Feeling stuck in the middle? Splitting time between friends and your partner can be one of the hardest things about any relationship— but what if you have the sneaking suspicion that your closest friends aren’t on board with your choice of mate? Even the closest bestie have a tough time disclosing that they think your partner is wrong for you, which is why sometimes a little detective work is required. Here’s how to tell if your friends disapprove.
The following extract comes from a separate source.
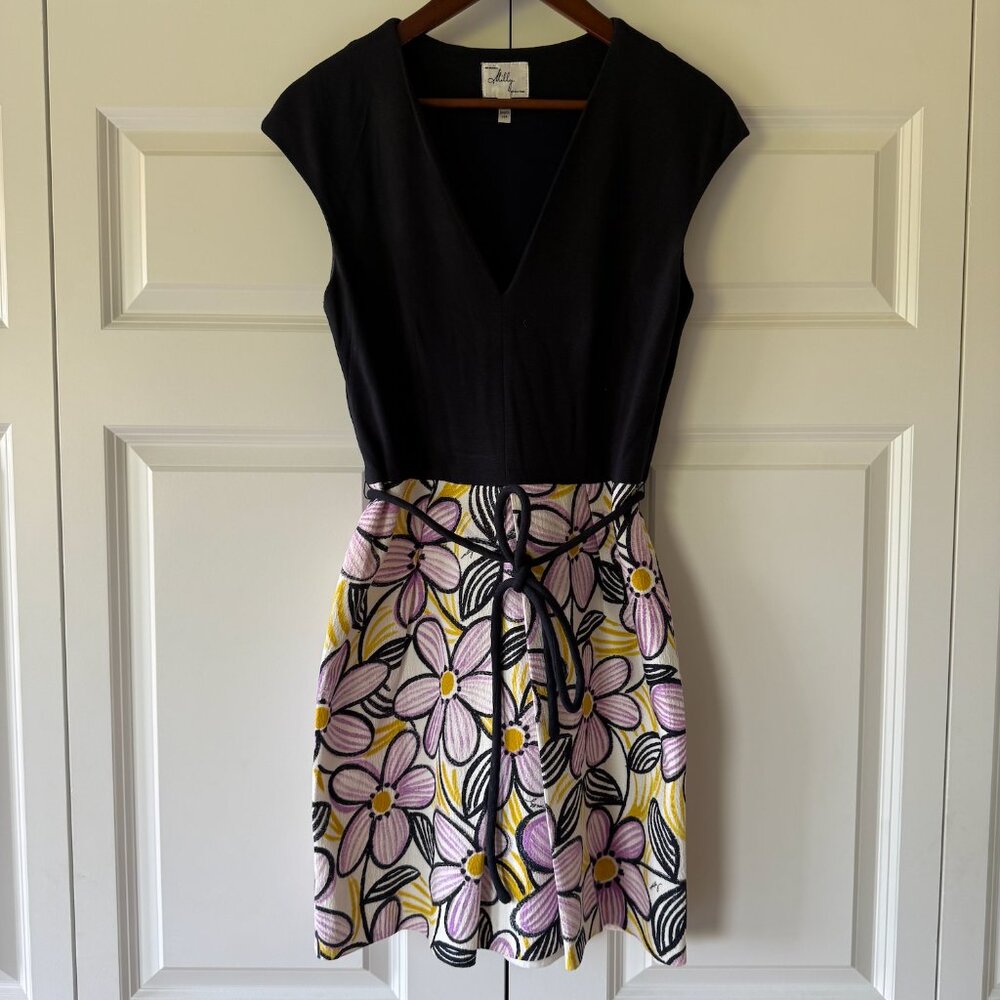 Milly New York Black Floral Wrap Dress Size 8 Made in USA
They don’t invite your partner anywhere — and we mean ANYWHERE
While even the frostiest friend will likely throw you a plus-one every so often, there’s one place that only someone who truly detests your partner won’t invite them: Facebook. If your buds aren’t Facebook friends with your partner after a reasonable amount of time and interaction, it’s safe to assume that something is amiss. Obviously it’s important to take into account your friend’s Facebook activity level — if she’s someone who stays offline or takes lengthy tech breaks, don’t be quick to assume she’s holding a grudge against your mate. But if she befriends everyone else in your ever-widening circle within 24 hours, an issue might be brewing.
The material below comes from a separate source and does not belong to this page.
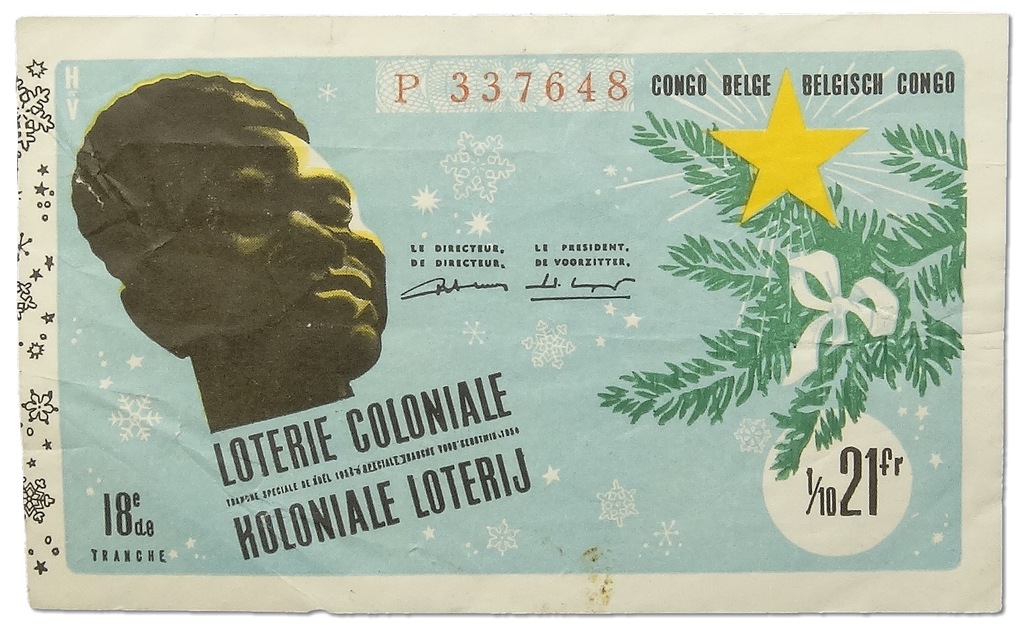 22.Congo Belg., Los Loterii 21 Franków 1954, St.3+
They give your partner the silent treatment
If your partner is new on the scene, it’s to be expected that they won’t hit it off right away with all your friends. But it’s only reasonable to expect your friends to attempt to include him or her in the conversation at social gatherings — if they respect you, they’ll do you the courtesy of dissipating some of the awkwardness of introducing a new beau. But if your friends unrepentantly give your guy (or girl) the cold shoulder, they are clearly past politeness. Make sure you’re viewing the situation impartially, however. If your partner is the one providing one-word answers and staring listlessly at their phone, your friends aren’t the ones to blame. Who’s snubbing who?
They make you feel guilty for spending time with your partner
It’s difficult to strike the right balance between hanging out with friends and going out on dates, especially for a new relationship. Expect to have some slight bumps along the way as you figure out how to split your time. But if you’ve found a balance and are still feeling guilty every time you go out for a date, it’s possible that something else is up. Friends should be understanding about your desire to have alone-time with your partner, and not take it as a personal rejection if you miss a girls’ night or two. Be honest with yourself about how you’re spending your time — if you don’t see a major imbalance but you’re being constantly chided for hanging out with your partner, it may be time to have a talk with your friends.